According to the method, each question of the test paper is segmented by a horizontal projection method and a vertical projection method in an image processing technology, so that the uncertainty of the segmentation precision by a neural network and the complexity of training data collection and labeling are overcome; the correction mark is identified by the target detection network, the error problem is identified by combining the image processing technology, the printed font and the handwritten font are distinguished by the two classification neural networks, the handwritten font is erased, the error problem after the handwritten font is erased is identified by the OCR identification function of the electronic typoscope, the correction mark is removed, the problems that the error area, the correction mark and the error answer cannot be automatically intercepted, the accuracy of the error problem book can be improved, the function of error problem identification can be implanted into the electronic typoscope, a low-vision patient does not need to generate the error problem book by a hand copying mode, the error problem area and the correction mark cannot be manually intercepted, the time is effectively saved, and the error problem book can be read and the error problem book can be redone in various modes.

Claims

1. An error book generation method suitable for an electronic typoscope, characterized by: the method comprises the following steps:

and step 3: reading the pixel value of the image in the buffer area and identifying the correction mark, comprising the following steps:

step 3.5: extracting the contour of the correction identification color area, recording the corresponding position of the current contour in the image, and placing the position in an output address;

and 4, step 4: obtaining a trained neural network model for identifying the correction mark, and identifying the correction mark in the test paper;

2. The method according to claim 1, wherein the method further comprises: in the step 1, the pretreatment comprises the following steps:

3. The method according to claim 1, wherein the method further comprises: the step 2 comprises the following steps:

4. The method according to claim 3, wherein the method further comprises: the step 2.1 comprises the following steps:

5. The method according to claim 3, wherein the method further comprises: said step 2.3 comprises the steps of:

if the recognition result of the initial position of the current line is continuous English and symbols and the horizontal coordinate value of the initial position is greater than or equal to the horizontal coordinate value of the initial position of the line image of the previous line, the current line and the previous line are considered to be the same question and are options of choice questions, the coordinate of the lower right corner of the current line is taken as the updated coordinate of the lower right corner, and the step 2.3.4 is repeated;

if the current line image is empty, the next step is carried out;

6. The method according to claim 5, wherein the method further comprises: when the identification result of the initial position of any line is that continuous capital figures and symbols exist, Chinese characters or the combination of the Chinese characters and the figures and/or English exist, and the line is started by special symbols, the line is the initial line of the subject stem.

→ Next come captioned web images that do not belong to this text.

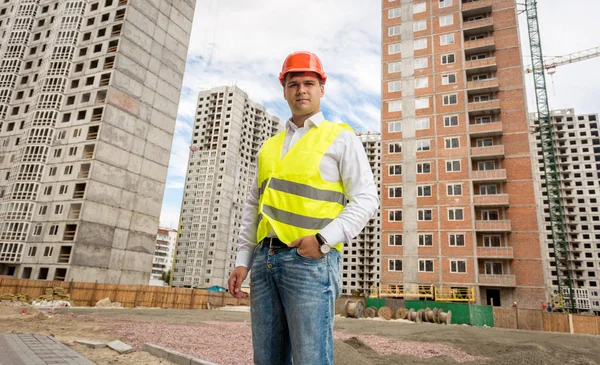 Kask ve güvenlik yeleği buildin karşı poz genç mühendis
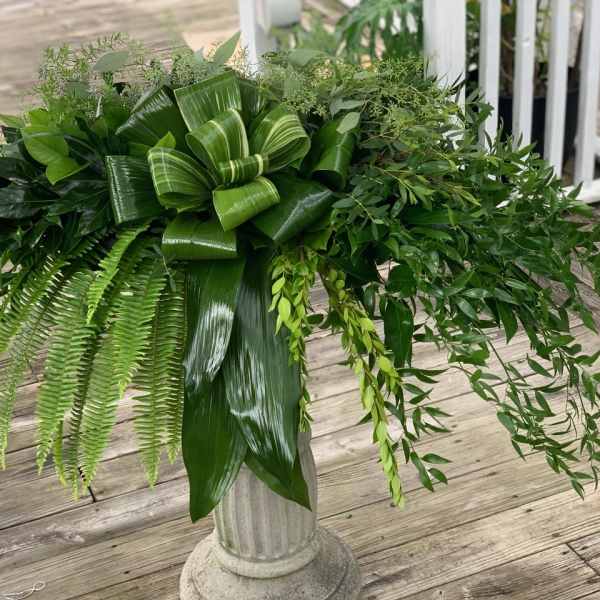Green foliage arrangement in a pedestal vase with a large bow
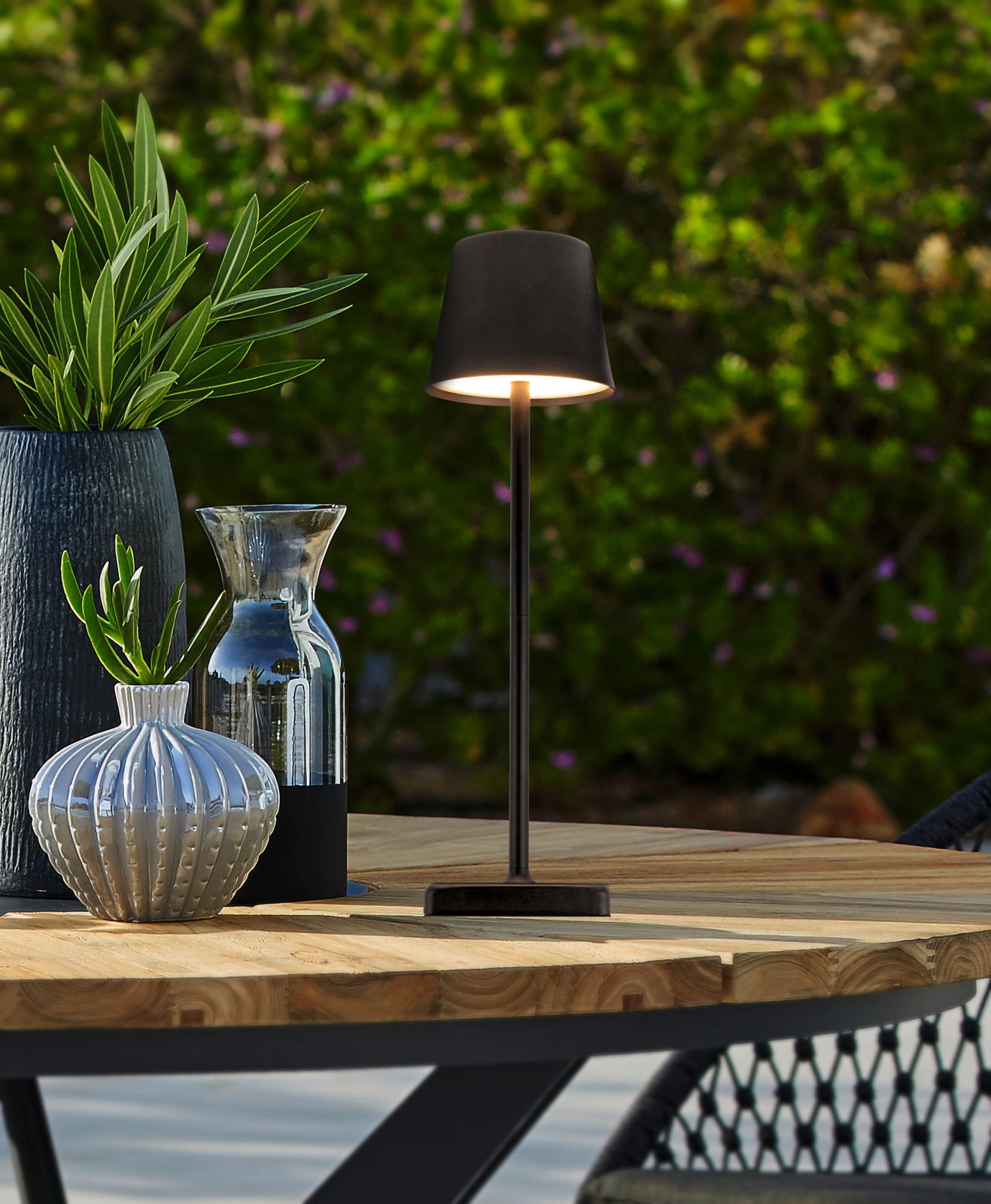 Elegante Solarleuchte auf einem Holztisch im Freien, umgeben von dekorativen Vasen und Pflanzen, seitliche Perspektive.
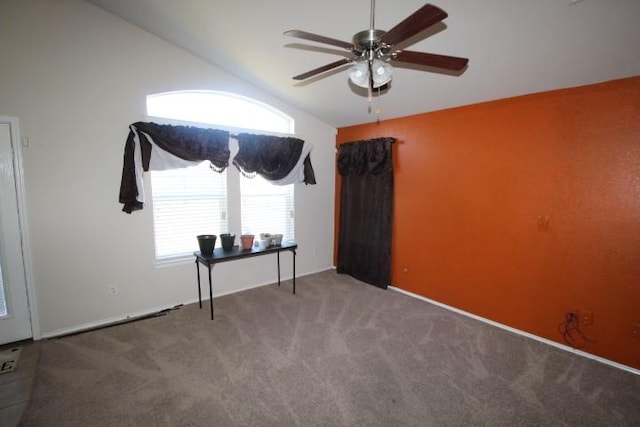 spare room featuring vaulted ceiling, ceiling fan, and carpet flooring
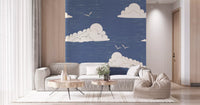 Retro style white clouds and birds on dusty blue wall mural for living room.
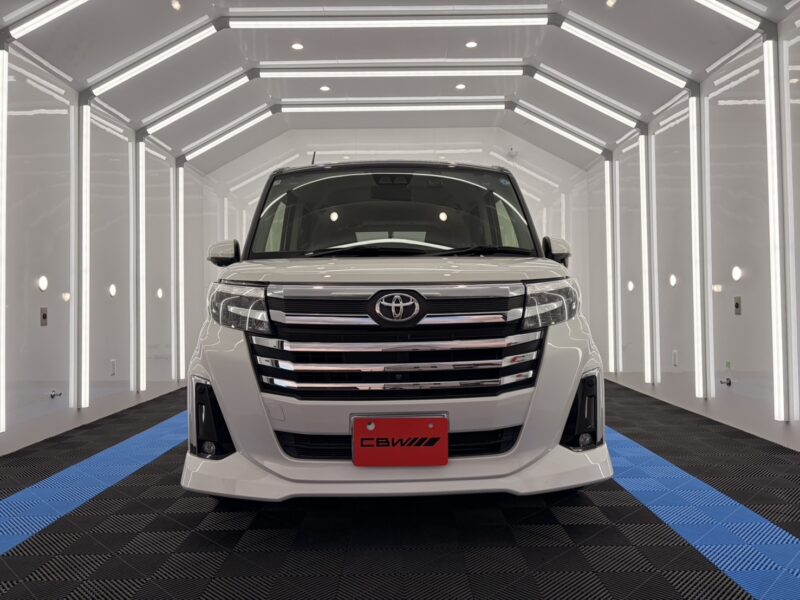 Front view of a white Toyota van in a bright, white showroom with illuminated walls and blue-striped floorplate behind it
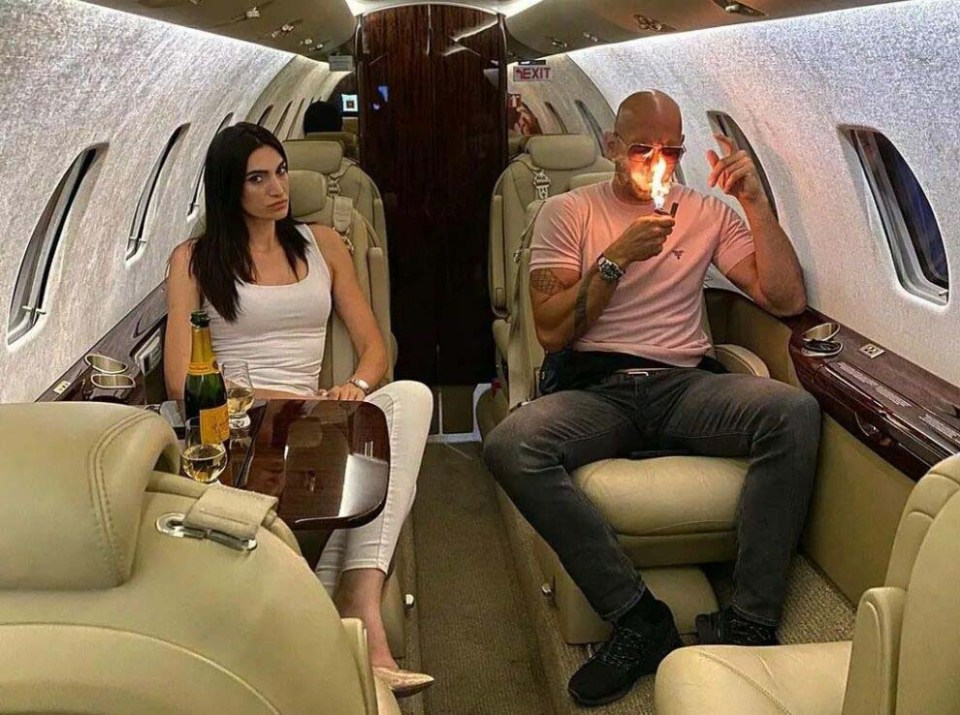 Georgiana Naghel and Tate on a private jet as he lights up a cigar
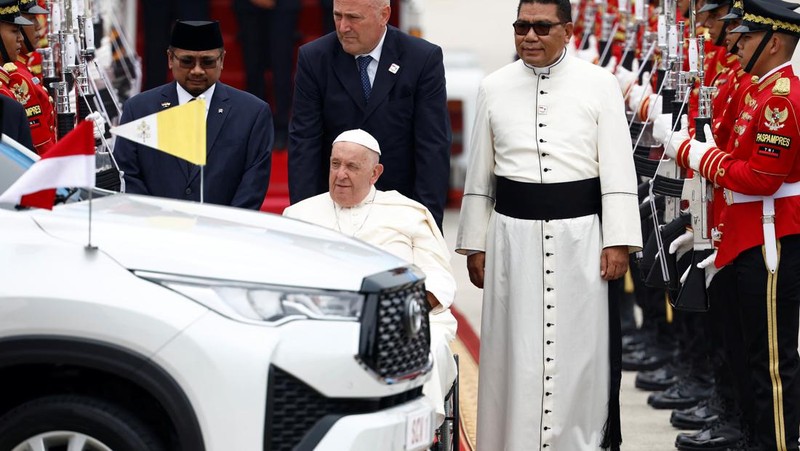 Paus Fransiskus di kursi rodanya, melambaikan tangan saat tiba selama upacara penyambutan resmi di Bandara Internasional Soekarno-Hatta di Tangerang di pinggiran Jakarta, Indonesia, Selasa, 3 September 2024. (AP Photo/Achmad Ibrahim)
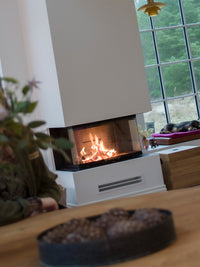 Side view of the RAIS Visio 3 wood burning stove with three glass sides, showcasing its elegant design and wood finish.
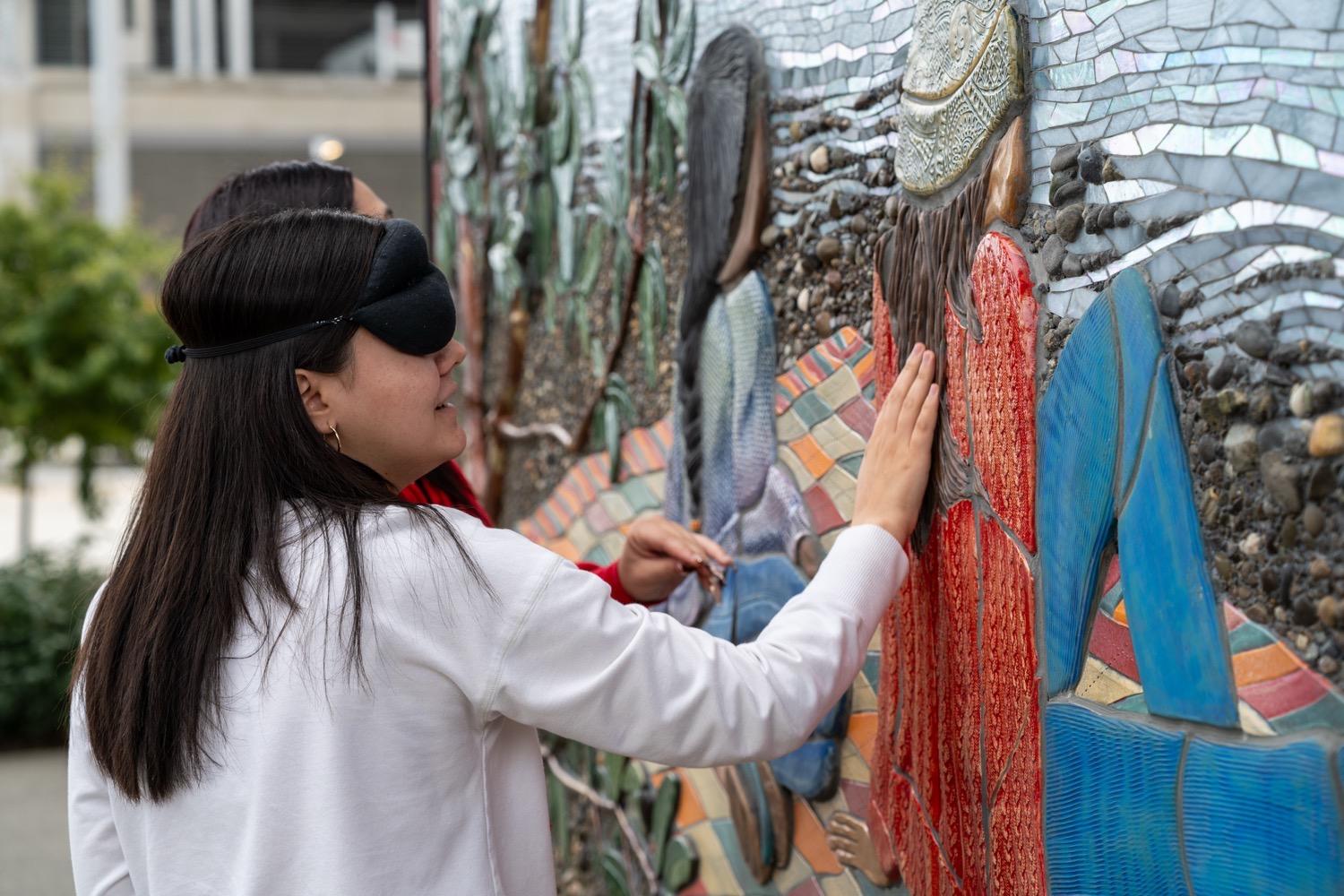 A young woman with long dark hair, wearing a white sweatshirt and with a padded mask covering her eyes, smiles as she runs her fingers along a sculpted mural depicting two people sitting on a blanket on a rocky beach.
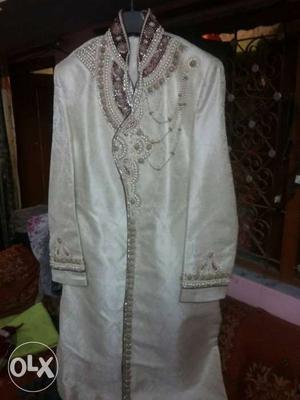 Sherwani in cream and red colour it's really very nice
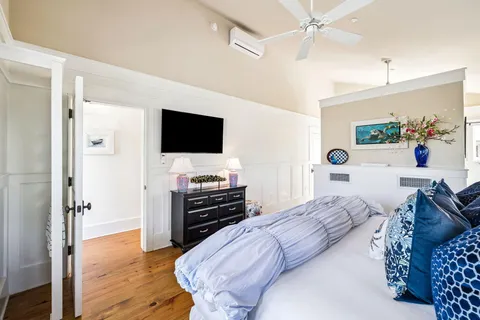 a bathroom with a sink and a shower curtain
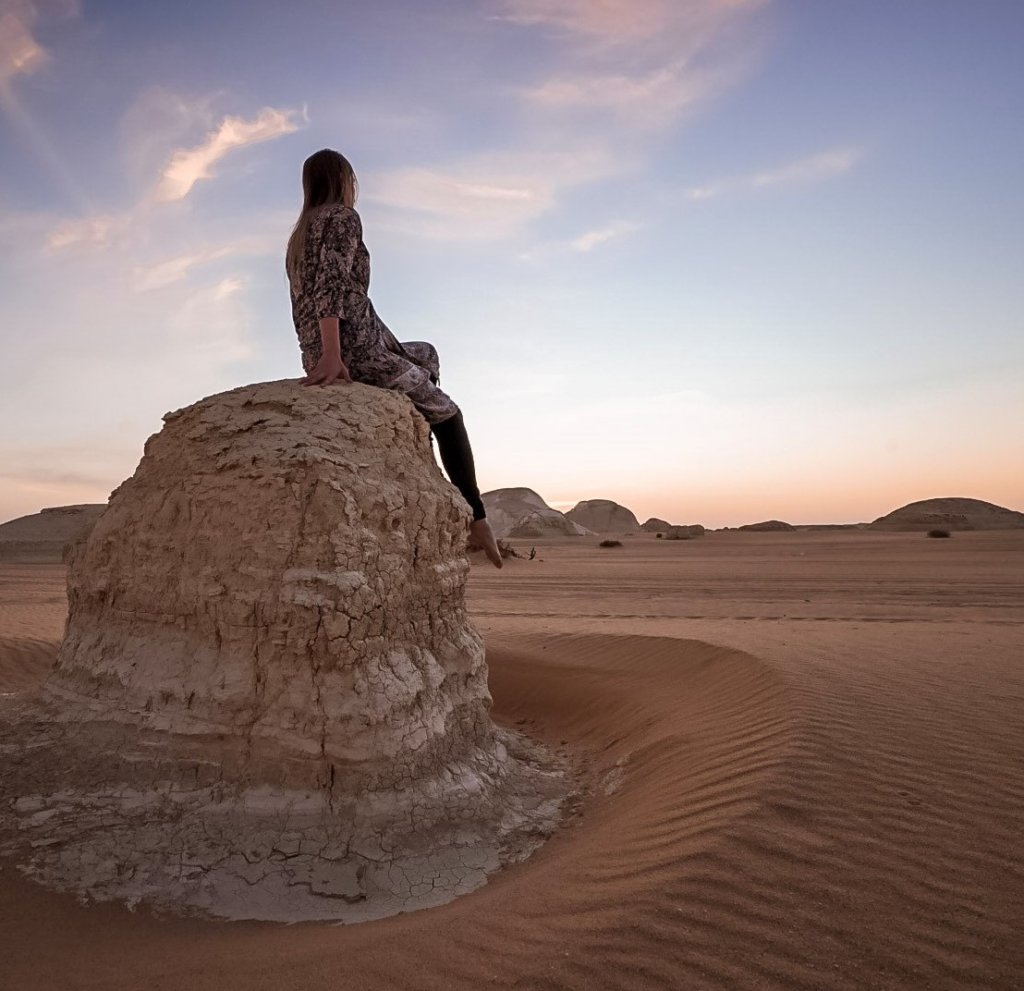 Monica Visiting the White Desert National Park in Egypt, sitting on the rock formations – A Travel Guide to the Black and White Desert.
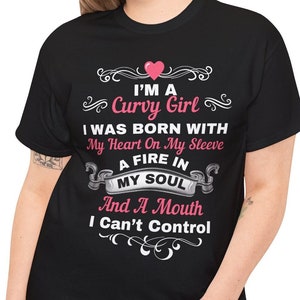 May include: Black t-shirt with a white graphic that says "I'm a Curvy Girl I was born with my heart on my sleeve a fire in my soul and a mouth I can't control". The graphic includes a pink heart.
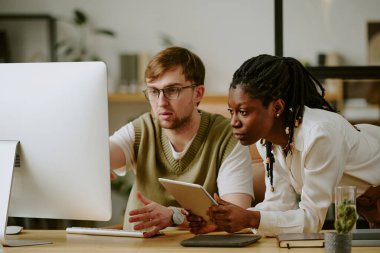 Ofiste birlikte uygulama geliştirirken Afrikalı Amerikalı ve Kafkas geliştiricilerin bilgisayar monitörlerine dikkatlice baktıkları orta boy bir fotoğraf.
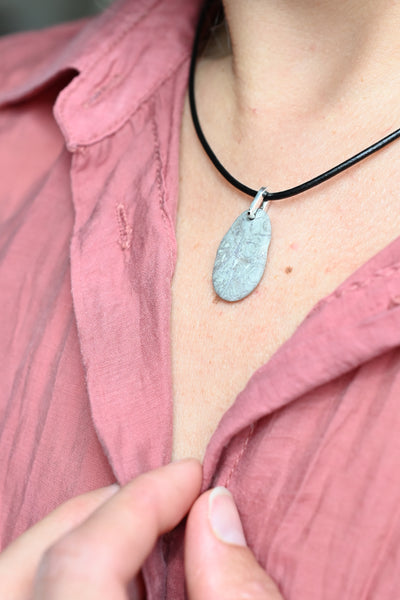 grey pendant on a black cord. summer necklace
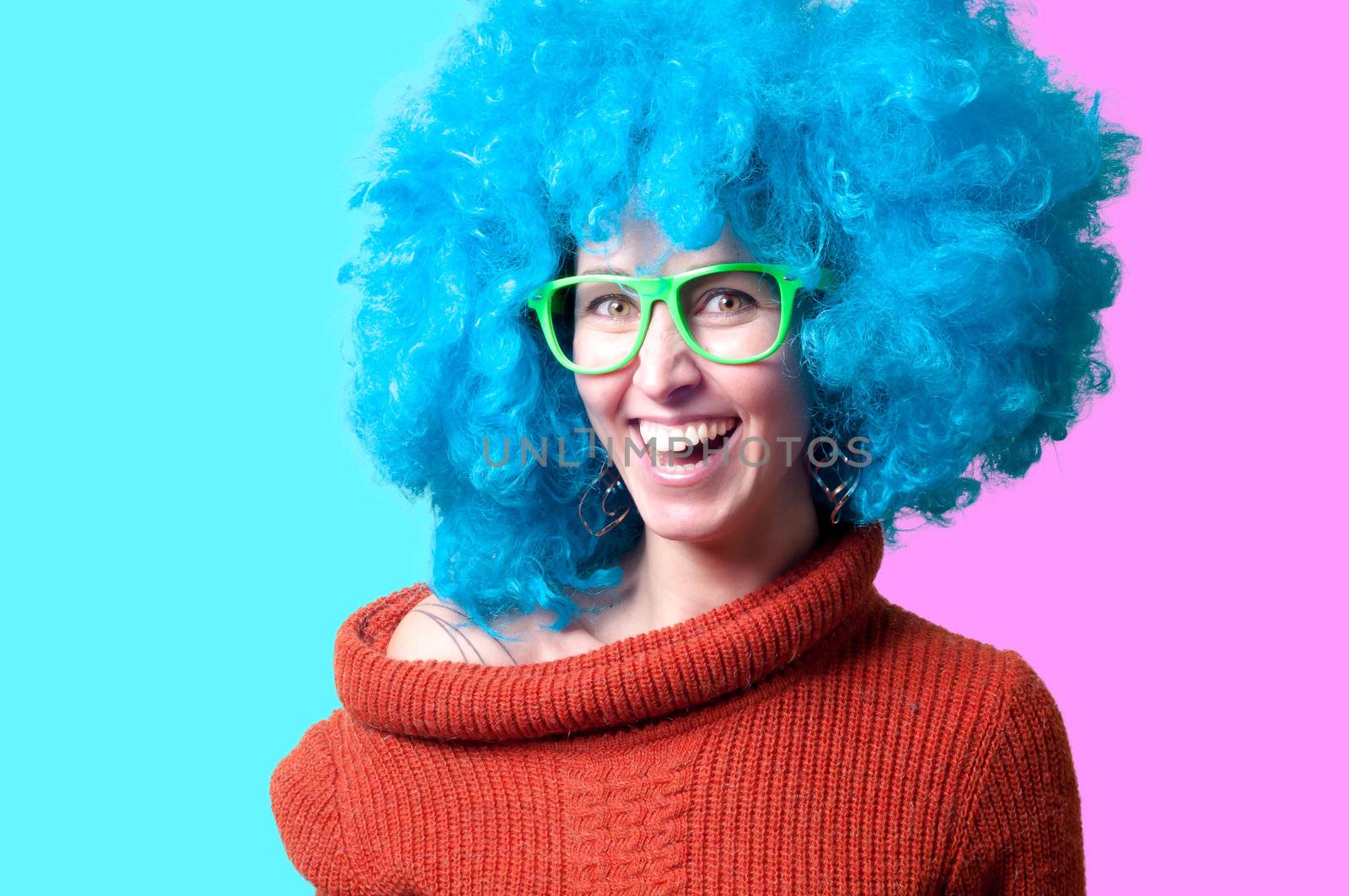 beautiful girl with curly blue wig and turtleneck on colorful background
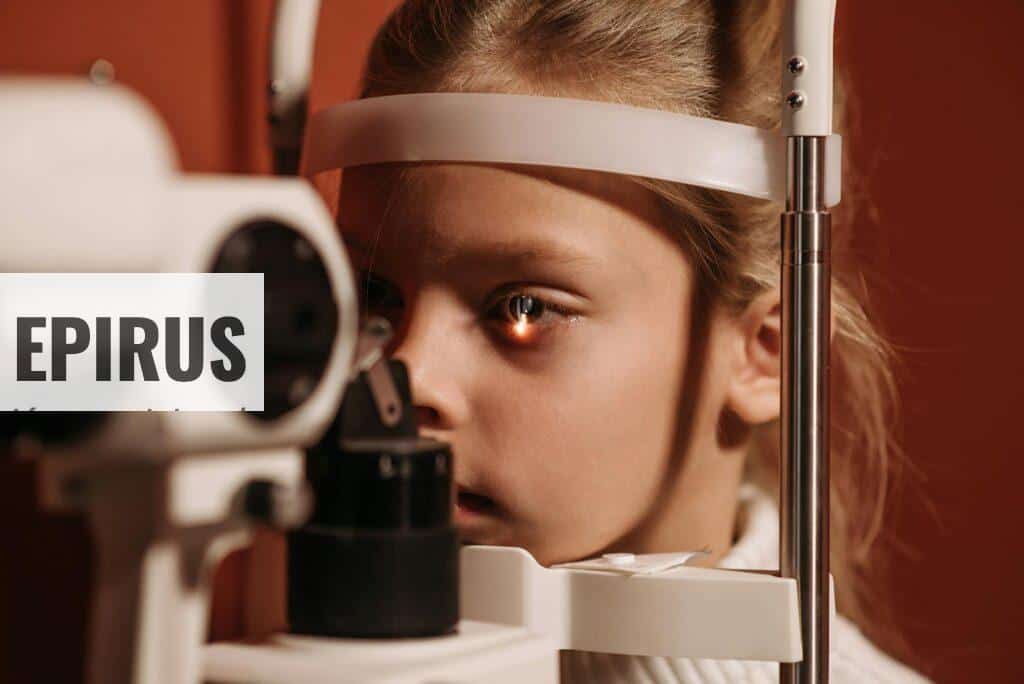 A young girl undergoing an eye exam with advanced ophthalmology equipment, focusing on vision care.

7. The method according to claim 1, wherein the method further comprises: in the step 4, identifying the correction mark in the test paper includes the following steps:

8. The method according to claim 1, wherein the method further comprises: the step 6 comprises the following steps:

9. The method according to claim 1, wherein the method further comprises: the step 7 comprises the following steps:

step 7.1: confirming that all the images are identified;

step 7.6: and generating an error problem book.